Monday, October 24, 2011

Monday of the Thirtieth Week in Ordinary Time

(Romans 8:12-17; Luke 13:10-17)

People are horrified when they hear of Jehovah Witness parents refusing to allow their child to receive a blood transfusion that would save the child’s life. But Jehovah Witnesses are just interpreting an Old Testament proscription of partaking of the blood of another (Leviticus 17:10). In the gospel today the leader of the synagogue takes a comparable position as he chastises the people for coming to Jesus to be cured on the Sabbath.

Jesus obviously does not interpret the Scriptures quite so stringently. We should note that in this case the issue is whether Scriptures allow anyone to cure – which is a form of work – on the Sabbath. The Book of Exodus calls for “complete rest” or “be put to death" (Exodus 31:14). Yet we should not think of Jesus as a free-thinker. One commentator says that Jesus takes a “commonsense approach to Sabbath observance” that allows peasants to keep their farm animals and the poor to be relieved of suffering.

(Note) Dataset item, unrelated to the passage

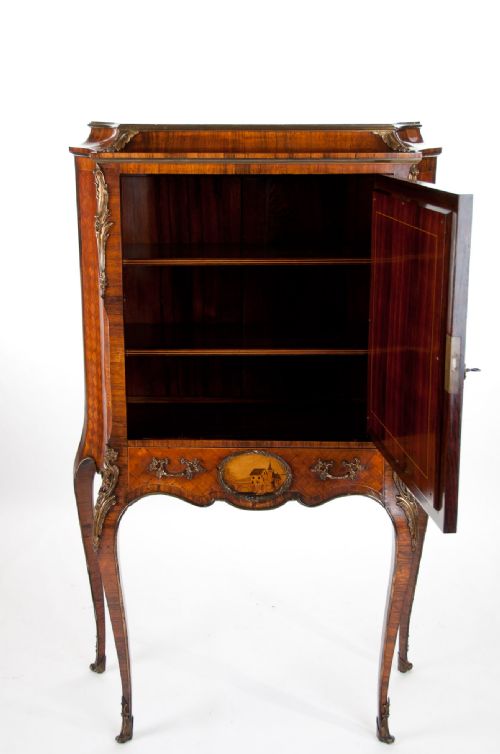 fig 11. Extremely Fine Shaped 19th C French Marble Topped Marquetry Cabinet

“Then why does the Church forbid abortion in cases where mother and baby are likely to die if a pregnancy is allowed to continue?” some will ask. It is a very difficult question that does refer to real, although rare, situations. The answer lies in abiding by Jesus’ injunction against doing evil (as in Matthew 5:39). The difference between the abortion case and the one in the gospel today is that it involves directly taking an innocent human life, which is always forbidden. It should be noted that intervention to save the mother that does not involve the direct killing of the fetus is generally permitted.